Do you like your ketchup sweet or dry?
Oh wait: you'll have to ask a scientist ;)
Thomas – :) That’s funny, but it’s not necessarily a valid criticism of Hanni’s work. At least, not as I’m interpreting it…
To me, much of what is in the new book isn't really news; it's information that has been around for at least the past two or three decades, not to mention what brain science has been teaching us over that same period.
The discoveries in the book are mainly apply to wine producers and their marketing programs to consumers, likening it to the way that food companies learn to manipulate products through salt, sugars, and fats to meet a "scientific" standard behind the human sensory equipment.
Consumers can trust what they smell and taste, provided they are willing to trust themselves. But we have lost the talent for cognizant thought through personal curiosity in a culture dominated by praise of "experts" and "celebrities." We are easily manipulated.
Thomas – Yeah, Tim has told me that the book pulls together research that's been happening for the last 10+ years. I don't think that invalidates it in terms of applying it to the conventions under which we tend to operate when it comes to wine, unless there's reason to doubt the results of those studies cited, etc.
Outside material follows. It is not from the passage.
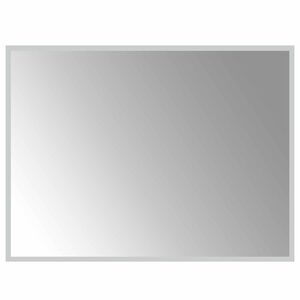 vidaXL LED Badrumsspegel med spegel Transparent 80 x 60 cm h&auml;rdat glas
I agree totally with your last paragraph, but would add that I think Tim's work actually helps remind us of it…
My fear is that with wide4 application of the "science of taste," wine will become just another over-manipulated fast food and people's sensory perceptions will be that much more removed form their own bodies. It has happened with food, creating a host of physical as well as psychological ailments.
Thomas – fair point. I've always been on the side of “we will sort it out as humans” when it comes to finding the right balance between the scientific and the (for lack of a better term) the magical.